Developing scoring functions to assess soil quality at a regional scale in rangelands of SW Spain


Pulido Fernandez M., Keshavarzi A., Rodrigo-Comino J., Schnabel S., Lavado Contador J. F. , Gomez Gutierrez A., ...Daha Fazla

REVISTA BRASILEIRA DE CIENCIA DO SOLO, cilt.44, 2020 (SCI İndekslerine Giren Dergi) identifier

  • Yayın Türü: Makale / Tam Makale
  • Cilt numarası: 44
  • Basım Tarihi: 2020
  • Doi Numarası: 10.36783/18069657rbcs20200090
  • Dergi Adı: REVISTA BRASILEIRA DE CIENCIA DO SOLO

Özet

The drawing of maps of soil quality at a large scale is increasingly being more useful to land planners and stakeholders. Nevertheless, it involves different methodological steps from the description of soil profiles in the field until the regional mapping of integrative soil quality index (IQI) values. The development of proper scoring functions is a paramount task for the calculation of these IQI values since every parameter needs to be standardized accordingly and weighting factors are usually estimated by multivariate techniques. The main goal of this study was to map soil quality in the Spanish region of Extremadura (commonly known by its rangelands called dehesas). To do that, i) we gathered information from 194 soil profiles described throughout the region, ii) we calculated the weighting factors of ten meaningful parameters used as indicators by using multivariate techniques (Principal Component Analysis, PCA; and Analytic Hierarchy Process, AHP), and iii) we developed standard scoring functions (SSFs) that represent the singularity of every variable (less is better, more is better).
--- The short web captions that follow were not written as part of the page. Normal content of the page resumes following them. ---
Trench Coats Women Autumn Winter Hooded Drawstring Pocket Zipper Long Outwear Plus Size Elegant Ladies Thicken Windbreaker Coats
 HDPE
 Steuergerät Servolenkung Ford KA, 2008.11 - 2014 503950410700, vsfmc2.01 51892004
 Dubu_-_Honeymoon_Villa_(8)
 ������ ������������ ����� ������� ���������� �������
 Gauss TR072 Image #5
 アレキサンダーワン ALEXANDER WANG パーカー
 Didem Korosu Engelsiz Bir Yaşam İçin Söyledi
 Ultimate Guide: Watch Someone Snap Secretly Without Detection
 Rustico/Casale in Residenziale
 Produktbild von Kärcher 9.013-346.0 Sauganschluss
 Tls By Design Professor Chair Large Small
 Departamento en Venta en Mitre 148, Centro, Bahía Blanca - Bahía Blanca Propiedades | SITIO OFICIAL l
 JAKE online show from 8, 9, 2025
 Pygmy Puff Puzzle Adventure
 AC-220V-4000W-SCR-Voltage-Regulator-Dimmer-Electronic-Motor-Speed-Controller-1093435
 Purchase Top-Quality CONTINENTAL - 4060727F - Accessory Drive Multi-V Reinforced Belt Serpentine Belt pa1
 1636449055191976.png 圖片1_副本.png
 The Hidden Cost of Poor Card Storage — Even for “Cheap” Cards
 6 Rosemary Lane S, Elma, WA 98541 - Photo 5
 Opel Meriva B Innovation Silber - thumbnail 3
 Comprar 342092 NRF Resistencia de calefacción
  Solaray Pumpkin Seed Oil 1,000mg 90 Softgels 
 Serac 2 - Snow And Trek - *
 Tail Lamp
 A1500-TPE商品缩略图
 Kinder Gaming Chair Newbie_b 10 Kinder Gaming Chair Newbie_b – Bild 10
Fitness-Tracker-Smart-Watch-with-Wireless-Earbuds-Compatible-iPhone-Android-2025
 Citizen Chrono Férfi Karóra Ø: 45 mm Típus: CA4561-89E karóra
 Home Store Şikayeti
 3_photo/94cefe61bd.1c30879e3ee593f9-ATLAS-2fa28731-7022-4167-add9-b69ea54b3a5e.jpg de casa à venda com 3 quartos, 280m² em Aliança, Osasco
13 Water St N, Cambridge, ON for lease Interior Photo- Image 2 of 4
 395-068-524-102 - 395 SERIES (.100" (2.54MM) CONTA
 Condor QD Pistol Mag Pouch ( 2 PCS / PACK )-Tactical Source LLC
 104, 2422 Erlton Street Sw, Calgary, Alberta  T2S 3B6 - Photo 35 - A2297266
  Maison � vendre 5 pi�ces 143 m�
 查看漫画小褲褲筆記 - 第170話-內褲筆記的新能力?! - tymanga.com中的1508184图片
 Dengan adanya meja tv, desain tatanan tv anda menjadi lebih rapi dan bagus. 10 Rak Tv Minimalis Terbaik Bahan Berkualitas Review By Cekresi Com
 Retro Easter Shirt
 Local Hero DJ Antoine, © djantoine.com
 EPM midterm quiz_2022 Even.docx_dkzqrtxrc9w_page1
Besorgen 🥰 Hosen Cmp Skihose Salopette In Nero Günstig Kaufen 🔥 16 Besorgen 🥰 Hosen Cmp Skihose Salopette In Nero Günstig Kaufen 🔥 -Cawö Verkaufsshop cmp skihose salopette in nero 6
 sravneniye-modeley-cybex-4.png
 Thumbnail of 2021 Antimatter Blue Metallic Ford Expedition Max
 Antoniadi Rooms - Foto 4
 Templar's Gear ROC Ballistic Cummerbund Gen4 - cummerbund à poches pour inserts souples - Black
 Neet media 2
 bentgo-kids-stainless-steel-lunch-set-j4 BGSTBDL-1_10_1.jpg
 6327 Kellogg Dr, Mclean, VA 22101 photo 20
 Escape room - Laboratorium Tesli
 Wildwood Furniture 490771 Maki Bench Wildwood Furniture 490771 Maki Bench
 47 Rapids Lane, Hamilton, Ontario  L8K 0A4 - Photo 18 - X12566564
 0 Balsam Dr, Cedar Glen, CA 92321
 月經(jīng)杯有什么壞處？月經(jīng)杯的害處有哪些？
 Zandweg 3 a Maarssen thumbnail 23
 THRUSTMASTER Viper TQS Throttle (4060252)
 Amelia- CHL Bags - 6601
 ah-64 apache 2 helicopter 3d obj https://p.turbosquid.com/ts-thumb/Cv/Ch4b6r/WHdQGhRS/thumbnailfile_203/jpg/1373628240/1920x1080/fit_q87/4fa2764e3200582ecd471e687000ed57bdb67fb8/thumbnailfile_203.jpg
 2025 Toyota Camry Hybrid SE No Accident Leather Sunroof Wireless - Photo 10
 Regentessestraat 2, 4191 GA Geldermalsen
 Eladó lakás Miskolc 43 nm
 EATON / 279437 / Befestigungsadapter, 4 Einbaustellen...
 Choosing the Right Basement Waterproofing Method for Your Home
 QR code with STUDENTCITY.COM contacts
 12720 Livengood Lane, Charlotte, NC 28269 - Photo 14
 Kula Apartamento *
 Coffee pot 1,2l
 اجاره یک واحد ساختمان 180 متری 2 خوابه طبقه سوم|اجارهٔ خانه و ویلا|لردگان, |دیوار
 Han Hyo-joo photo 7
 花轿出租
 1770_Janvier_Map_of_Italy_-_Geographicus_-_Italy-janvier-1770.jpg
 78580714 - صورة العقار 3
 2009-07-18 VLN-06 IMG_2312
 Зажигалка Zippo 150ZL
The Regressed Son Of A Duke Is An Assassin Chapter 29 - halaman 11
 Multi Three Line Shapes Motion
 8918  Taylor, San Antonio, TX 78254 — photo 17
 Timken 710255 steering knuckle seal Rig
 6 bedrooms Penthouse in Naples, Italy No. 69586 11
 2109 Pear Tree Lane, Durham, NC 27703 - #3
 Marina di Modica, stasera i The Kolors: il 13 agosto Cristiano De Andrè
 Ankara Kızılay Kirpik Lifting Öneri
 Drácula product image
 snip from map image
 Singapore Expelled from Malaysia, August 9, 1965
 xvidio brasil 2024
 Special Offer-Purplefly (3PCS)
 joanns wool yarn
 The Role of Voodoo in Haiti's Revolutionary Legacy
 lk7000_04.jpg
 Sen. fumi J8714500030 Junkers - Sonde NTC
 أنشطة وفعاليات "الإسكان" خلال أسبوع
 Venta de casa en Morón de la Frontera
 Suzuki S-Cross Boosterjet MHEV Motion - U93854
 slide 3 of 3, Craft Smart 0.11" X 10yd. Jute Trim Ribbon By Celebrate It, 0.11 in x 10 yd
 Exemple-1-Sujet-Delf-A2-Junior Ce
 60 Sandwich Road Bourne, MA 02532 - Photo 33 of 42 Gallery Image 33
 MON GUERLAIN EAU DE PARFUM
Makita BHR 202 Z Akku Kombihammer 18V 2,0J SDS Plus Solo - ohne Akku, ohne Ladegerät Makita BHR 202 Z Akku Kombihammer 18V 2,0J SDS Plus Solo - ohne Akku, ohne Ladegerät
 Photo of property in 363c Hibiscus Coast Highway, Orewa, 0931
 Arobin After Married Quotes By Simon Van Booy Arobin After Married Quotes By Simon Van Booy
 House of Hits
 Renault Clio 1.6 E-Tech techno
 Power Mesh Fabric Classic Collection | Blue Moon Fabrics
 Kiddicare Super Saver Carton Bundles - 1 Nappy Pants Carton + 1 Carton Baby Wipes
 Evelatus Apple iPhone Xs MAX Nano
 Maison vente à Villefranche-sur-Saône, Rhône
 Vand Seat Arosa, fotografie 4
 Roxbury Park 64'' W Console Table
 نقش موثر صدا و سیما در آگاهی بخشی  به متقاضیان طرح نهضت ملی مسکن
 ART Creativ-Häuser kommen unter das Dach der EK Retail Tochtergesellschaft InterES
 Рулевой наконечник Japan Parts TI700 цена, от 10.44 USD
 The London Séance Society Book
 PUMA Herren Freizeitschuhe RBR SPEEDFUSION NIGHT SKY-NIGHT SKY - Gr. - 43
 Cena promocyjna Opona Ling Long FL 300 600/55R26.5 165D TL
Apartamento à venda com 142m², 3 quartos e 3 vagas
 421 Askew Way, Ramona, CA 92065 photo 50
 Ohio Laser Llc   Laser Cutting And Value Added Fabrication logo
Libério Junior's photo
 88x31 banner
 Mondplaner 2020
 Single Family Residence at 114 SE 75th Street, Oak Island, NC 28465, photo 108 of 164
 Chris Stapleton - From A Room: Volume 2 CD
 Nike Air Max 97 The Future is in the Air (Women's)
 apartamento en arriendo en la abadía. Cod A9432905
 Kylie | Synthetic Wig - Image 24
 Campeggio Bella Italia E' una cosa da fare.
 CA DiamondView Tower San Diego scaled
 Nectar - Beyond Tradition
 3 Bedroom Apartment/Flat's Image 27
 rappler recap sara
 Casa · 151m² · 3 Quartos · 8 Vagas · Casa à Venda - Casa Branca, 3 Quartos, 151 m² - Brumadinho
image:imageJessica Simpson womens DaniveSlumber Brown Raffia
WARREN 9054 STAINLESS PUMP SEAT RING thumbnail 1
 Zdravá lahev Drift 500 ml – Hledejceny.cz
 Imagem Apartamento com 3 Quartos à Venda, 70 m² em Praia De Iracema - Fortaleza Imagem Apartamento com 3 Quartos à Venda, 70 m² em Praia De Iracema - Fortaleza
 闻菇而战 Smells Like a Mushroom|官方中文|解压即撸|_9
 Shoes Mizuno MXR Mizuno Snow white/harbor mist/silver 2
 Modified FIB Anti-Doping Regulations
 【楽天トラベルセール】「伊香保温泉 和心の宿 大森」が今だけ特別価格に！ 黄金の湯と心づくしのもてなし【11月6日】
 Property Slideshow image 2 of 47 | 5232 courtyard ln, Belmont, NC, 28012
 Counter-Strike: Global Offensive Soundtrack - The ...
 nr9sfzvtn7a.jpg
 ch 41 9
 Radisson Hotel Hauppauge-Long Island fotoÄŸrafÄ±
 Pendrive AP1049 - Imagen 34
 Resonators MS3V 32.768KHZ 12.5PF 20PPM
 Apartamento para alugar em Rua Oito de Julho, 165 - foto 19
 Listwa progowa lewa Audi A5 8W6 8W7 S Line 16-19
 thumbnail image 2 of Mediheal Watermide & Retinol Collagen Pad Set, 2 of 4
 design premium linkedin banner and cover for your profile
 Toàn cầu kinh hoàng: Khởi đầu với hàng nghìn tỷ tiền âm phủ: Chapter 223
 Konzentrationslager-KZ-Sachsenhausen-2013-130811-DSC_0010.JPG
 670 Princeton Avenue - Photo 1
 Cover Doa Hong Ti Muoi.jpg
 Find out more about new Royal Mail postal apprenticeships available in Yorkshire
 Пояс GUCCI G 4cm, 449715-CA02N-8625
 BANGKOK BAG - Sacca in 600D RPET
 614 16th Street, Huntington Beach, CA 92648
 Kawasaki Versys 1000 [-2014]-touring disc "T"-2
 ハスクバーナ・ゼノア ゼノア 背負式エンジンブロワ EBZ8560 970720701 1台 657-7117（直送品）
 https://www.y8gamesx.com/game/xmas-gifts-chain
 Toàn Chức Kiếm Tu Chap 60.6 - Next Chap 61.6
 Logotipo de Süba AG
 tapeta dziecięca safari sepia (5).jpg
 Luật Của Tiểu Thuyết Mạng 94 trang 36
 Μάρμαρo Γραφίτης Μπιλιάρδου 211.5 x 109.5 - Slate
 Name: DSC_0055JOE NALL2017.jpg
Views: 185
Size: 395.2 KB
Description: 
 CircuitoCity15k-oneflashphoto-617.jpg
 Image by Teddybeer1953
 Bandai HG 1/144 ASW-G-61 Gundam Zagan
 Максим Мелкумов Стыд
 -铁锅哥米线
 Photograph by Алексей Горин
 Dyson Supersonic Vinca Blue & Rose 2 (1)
We established upper and lower limits for standardizing the values of each indicator properly. Regarding weighting factors, soil texture was highlighted by the PCA and nutrients by the AHP. Once IQI values were calculated, two regional maps of soil quality were drawn by using interpolation methods (ordinary kriging). The IQI maps showed remarkable spatial differences in soil quality presumably induced by land management. We conclude this methodology could be useful and we encourage other colleagues to test its effectiveness in places where soil data are available.